For every week until the election in November, the AS Review will feature a hot-topic in the presidential and governor’s race and each candidates attitudes and opinions. We’ll be your guide to the elections and help you be a more educated voter. Enjoy each week reading our election series.

Democrats and Republicans, liberals and conservatives, independents, Libertarians, and everyone in-between lost in the world of American politics have their eyes on the state of our economy and they all have their own ideas of what to do with it. But where do the candidates actually stand?

Complicated best describes the state of America’s current economy, says Evan Fowler, the president of Western’s American Campaign Transparency. WWU’s ACT aims to spread awareness of the current state of America’s dysfunctional federal campaign finance system.

How did America get to this place that many call “The Great Recession?”

“I am a political science and economics major, so I think about this stuff a lot,” says Jered McCardle, associate director for the Associated Students Representation and Engagement Programs.

Even though the exact reasoning and origin of America’s financial crisis stems from, economists and analysts attribute today’s society to globalization, education, our massive debt and government overregulation/under regulation of certain areas and entities, says Fowler.

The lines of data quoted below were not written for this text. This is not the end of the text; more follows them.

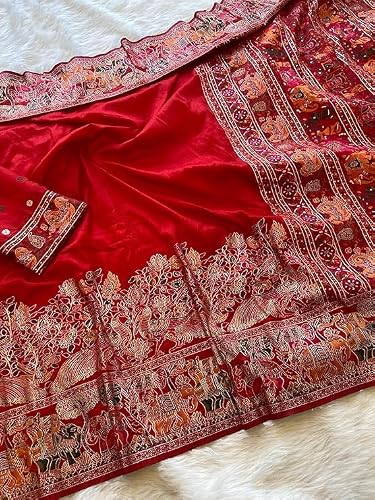 Indian Silk Palace kanjivaram silk saree – image 3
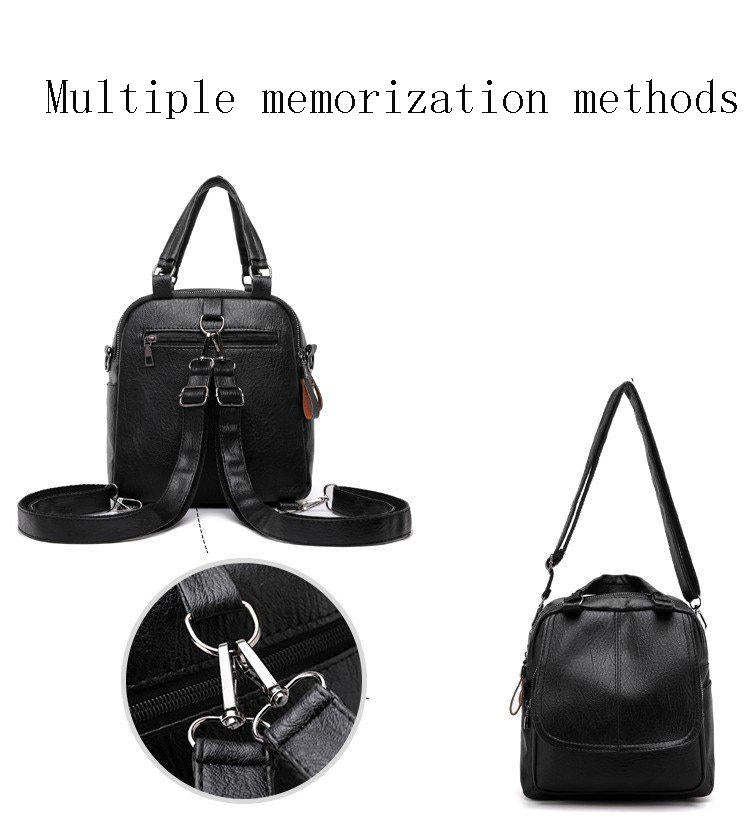 A variety of ways to carry women's large-capacity bags mySite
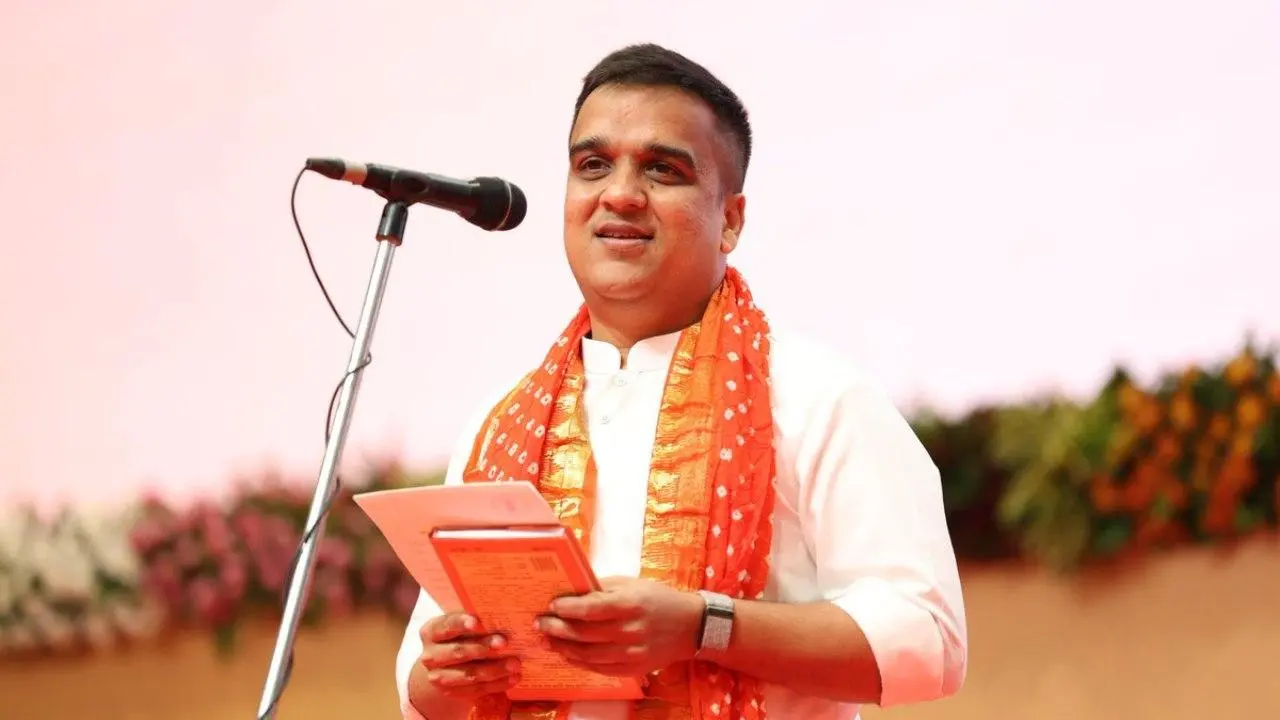 હર્ષ સંઘવી ફાઇલ તસવીર (સૌજન્ય: મિડ-ડે)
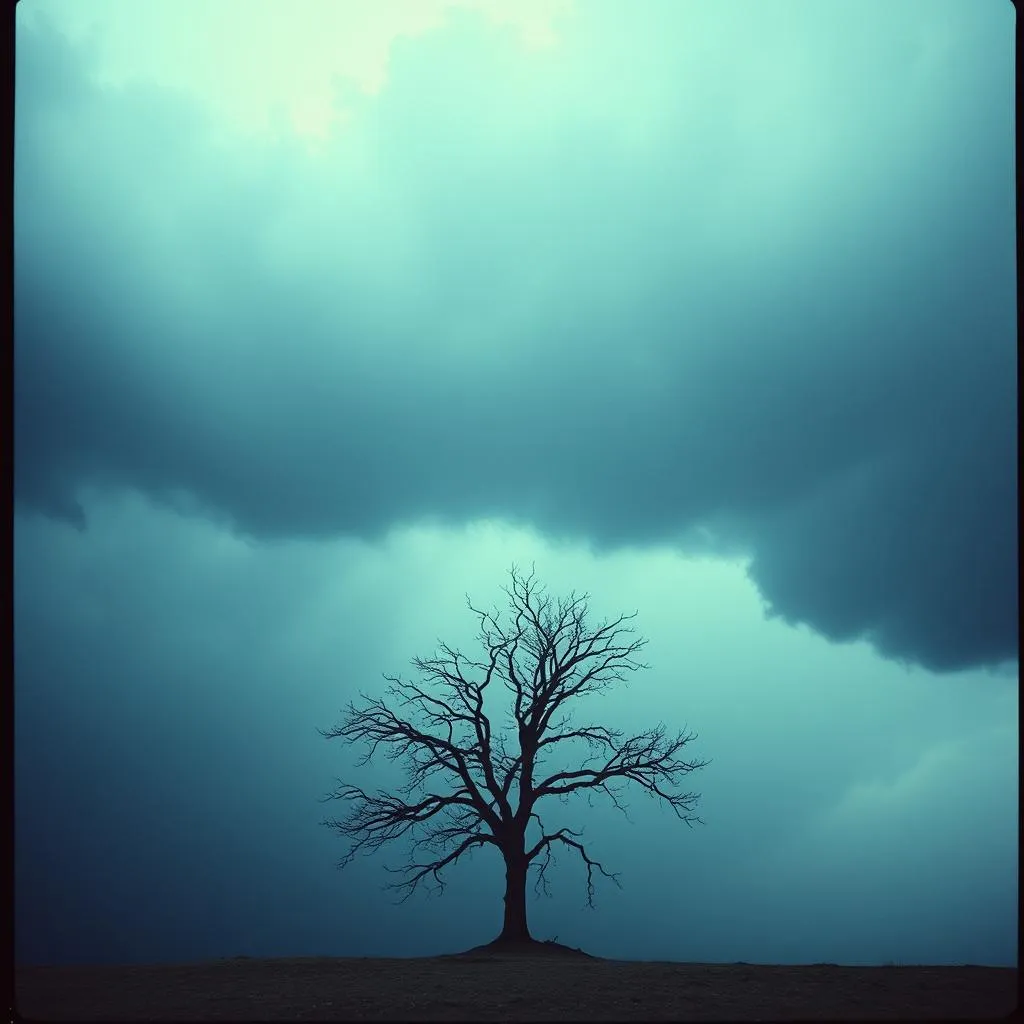 Sorrow of the harbinger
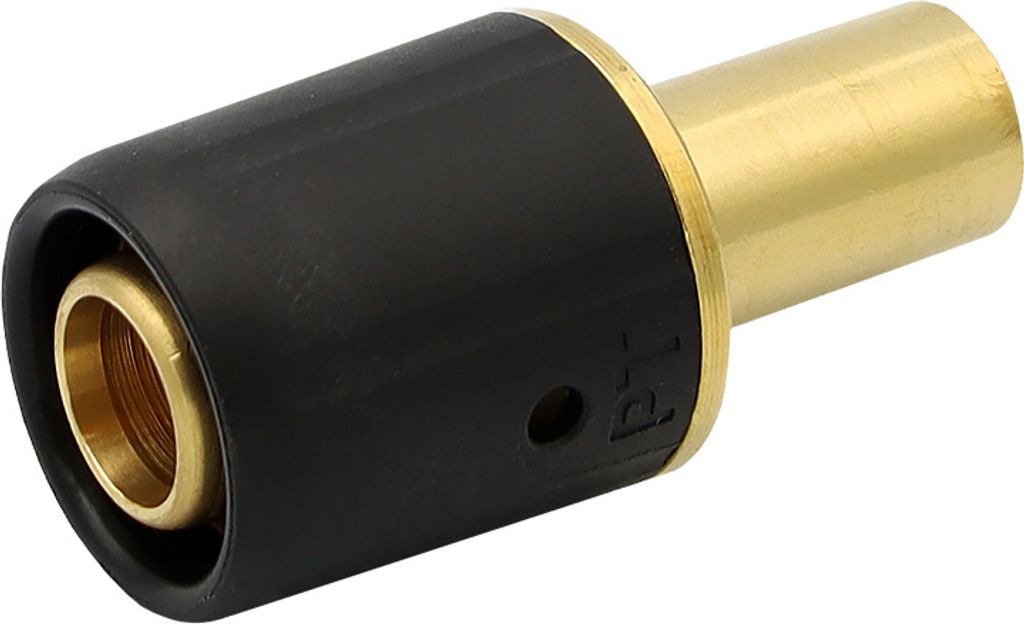 Pipetec Steckfitting Steck-Übergang auf Kupferrohr (Steck.)20x2-15mm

While the origins of our financial crisis go as far back as the Reagan administration, the major tipping point was the bursting of the housing bubble in 2008 and 2009.

Building houses, the housing market and relators is a much larger part of the economy than perceived, says McCardle.  These industries affect where people live, where people spend money on their taxes, where people spend money to buy the house and is the foundation for thousands of jobs. The housing bubble, or subprime lending issue, failed when prices surrounding the housing industry got so high, and wages for Americans began to fall.

“The bursting of the housing bubble was simply a symptom of a disease, it was not the disease,” says Fowler.

Now that the economic issue has been established, presidential and governor nominees have detailed how they plan to fix it.
President Barack Obama and Gov. Mitt Romney are the two frontrunners of the presidential race, representing the Democratic Party and the Republican Party respectively.

The Democratic Party, along with President Obama, likes to increase spending, increase taxes, regulate in some areas and deregulate in others, says Fowler. These platforms are synonymous with “Big Government.”

President Obama’s stance on the improving America’s economy relies heavily the clean energy and sustainability industries providing more jobs and, overall, more sustainability in the government, says McCardle. President Obama can be considered a Keynesian economist – someone who wants to improve government spending to improve the economy.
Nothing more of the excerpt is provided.